La candidate du Rassemblement national, qui talonne Emmanuel Macron dans les sondages, compte sur « la normalisation de son image » pour gagner la présidentielle. Mais sous le vernis d’une campagne sociale et populaire, se cache un programme xénophobe et raciste
La dirigeante du Rassemblement national et candidate à l’élection présidentielle française Marine Le Pen tient une conférence de presse sur l’immigration dans le cadre de sa campagne à Paris, le 2 décembre 2021 (AFP/Julien de Rosa)

La scène se passe le lundi 3 avril 2022 devant une école de Ris-Orangis, dans la banlieue sud de Paris. À sa sortie, un groupe d’élèves s’avance vers les panneaux d’affichage électoral. Ils décollent par petits bouts le poster du candidat à la présidentielle Éric Zemmour et épargnent celui de Marine Le Pen, qui se trouve juste à côté. « Zemmour est pire car il attaque tout le temps les musulmans et les Arabes », se justifie un des écoliers, d’origine algérienne. La réplique détonne et questionne.

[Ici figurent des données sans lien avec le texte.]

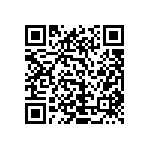 1206Y0160222FFT QRCode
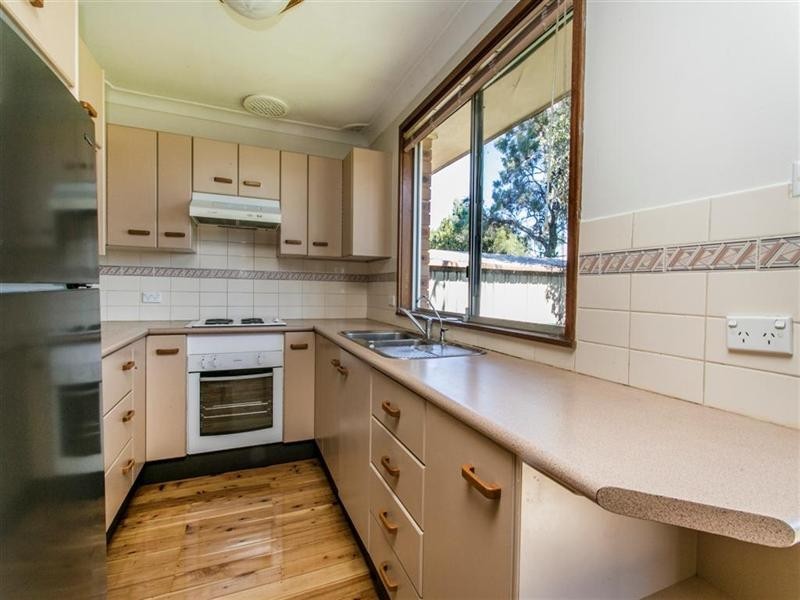 37 Warragamba Crescent, Jamisontown NSW 2750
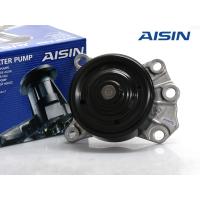 ヴィッツ KSP130 ウォーターポンプ 車検 交換 AISIN 株式会社アイシン H22.12〜 国内メーカー 送料無料 | プロツールショップヤブモト3号店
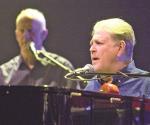 Adiós a fundador de The Beach Boys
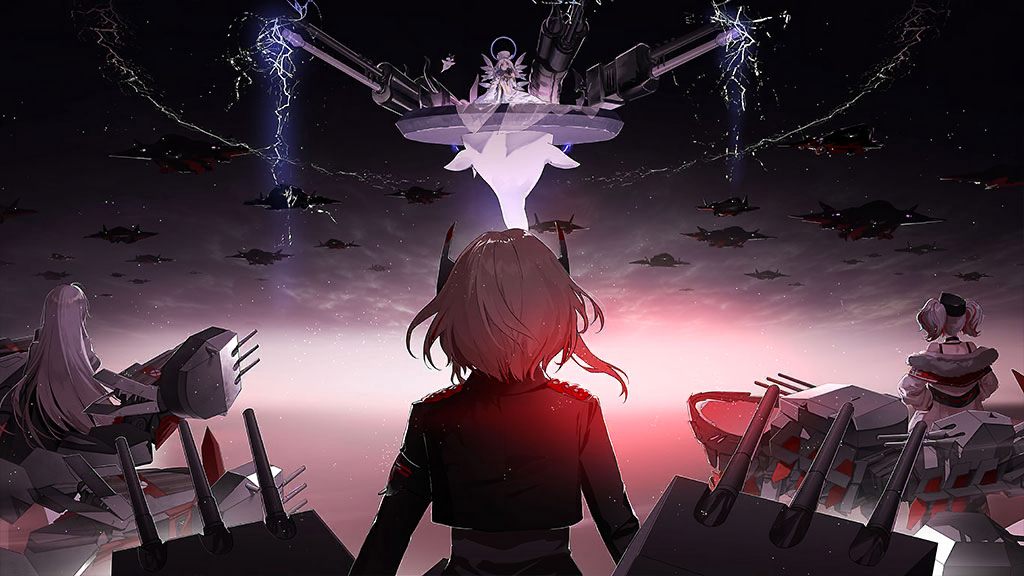 bg_midgard_8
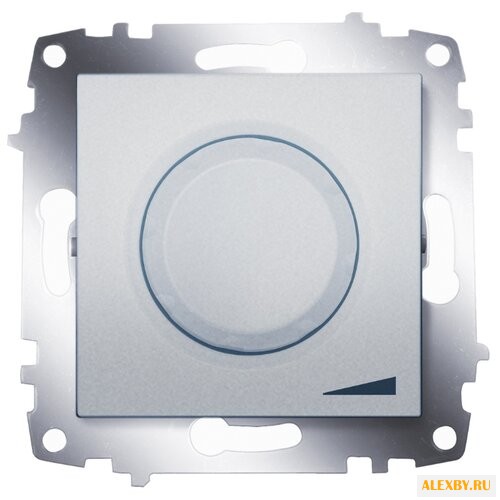 Диммер ABB Cosmo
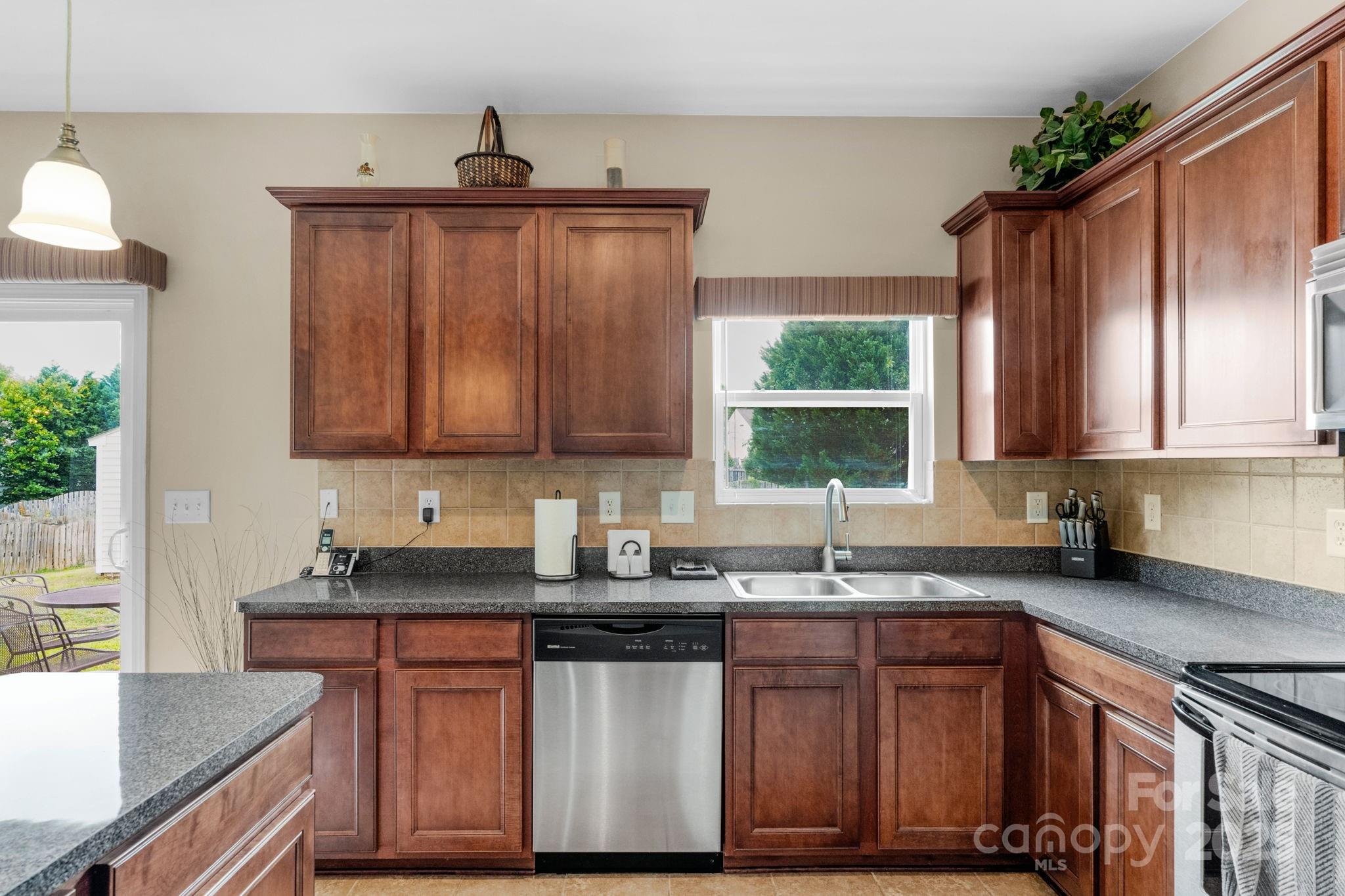 Crismark - Residential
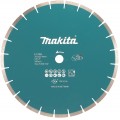Makita E-12996 Diamantscheibe 355x25,4mm
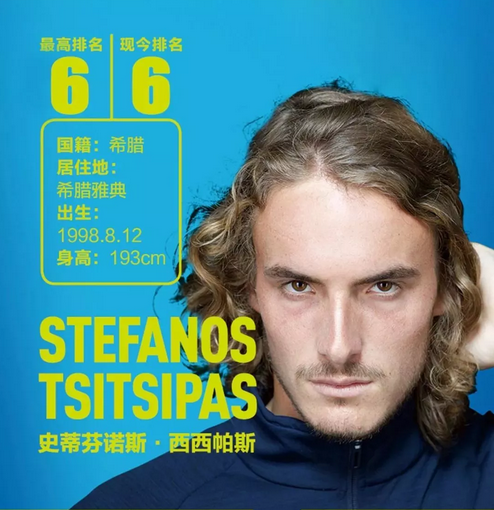 需协调一致 需协调一致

En se faisant le pourfendeur exclusif voire hystérique du « grand remplacement », la théorie qui crédite l’existence d’un processus de substitution de la population française par une population non européenne issue du Maghreb et d’Afrique subsaharienne, le polémiste a-t-il contribué bien malgré lui à la dédiabolisation du Rassemblement national (RN) et de sa candidate Marine Le Pen, qui trône à la seconde place dans les sondages, juste après le président sortant Emmanuel Macron ?

C’est très possible, surtout que cette dernière a préféré mener campagne sur le pouvoir d’achat, un thème banal mais plus proche des préoccupations des Français, en particulier depuis le début de la guerre en Ukraine et la flambée des prix des produits pétroliers.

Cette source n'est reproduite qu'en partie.